Thursday, April 17, 2008

Following The Advice Of The Three Greats

So, in that paper I posted about C. S. Lewis, Stephen King, and Madeleine L'Engle, their advice was to:

-read and write a lot

-hold true to a vision

-use inspiration

Time to check how that's been working for me. I've been reading A LOT. That almost never changes for me. No matter what, I read. Haven't been writing a lot at all, but that's partly because I finished the first round of revisions on my novel and sent it out to some friends for feedback. It's sit back and wait time. In a sense, the "write a lot" principle is working for me right now. I've never gotten this far in the novel-writing process before. It's all a new experience from here and I'm learning as I go.
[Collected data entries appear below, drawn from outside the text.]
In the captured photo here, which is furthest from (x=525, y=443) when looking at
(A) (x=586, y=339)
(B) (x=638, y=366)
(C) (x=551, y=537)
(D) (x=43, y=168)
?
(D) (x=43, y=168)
Holding true to a vision: I wish I had a clearer or more magnificent vision for the novel I wrote. What I did have was a flash of story and a flash of characters that I pursued. I had finally decided I should write children's novels because that's the bulk of what I read! I've got shelves and shelves of L'Engle, L. M. Montgomery, Louisa May Alcott, Lewis, J. R. R. Tolkien, and Betty MacDonald at home.
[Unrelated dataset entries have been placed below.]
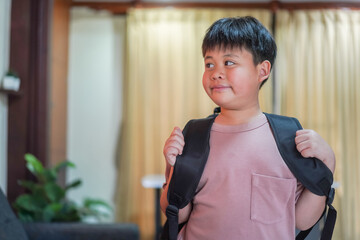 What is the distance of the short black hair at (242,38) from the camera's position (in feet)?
2.54

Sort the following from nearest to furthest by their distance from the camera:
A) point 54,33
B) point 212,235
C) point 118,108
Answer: point 212,235 < point 54,33 < point 118,108

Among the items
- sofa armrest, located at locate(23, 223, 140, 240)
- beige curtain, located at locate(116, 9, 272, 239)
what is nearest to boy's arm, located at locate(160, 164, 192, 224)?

Did I make use of inspiration? C. S. Lewis's was a spiritual type of ecstasy he called Joy; Stephen King's is a dwarfish muse who carries "a bag of magic"; and Madeleine L'Engle's was faith in the significance of every creature and every act in this world. I don't know. I don't think so. Most of this process felt clunky and contrived to me, but when I got into the flow of writing, I felt the joy of productivity, of creation. The act of writing regularly calmed my soul. But I didn't have any illusions about the beauty of my writing. I thought I was writing a cute little story about a few cute little characters that would turn out to be unprofound. I don't believe I have the talent to go deeper than that. Or maybe it's just that I need more experience at this to really believe in what I can do. Maybe.

What I discovered while typing that sentence up there ("I was writing a cute little story about a few cute little characters that would turn out to be unprofound") is that it doesn't bother me. That sounds all right.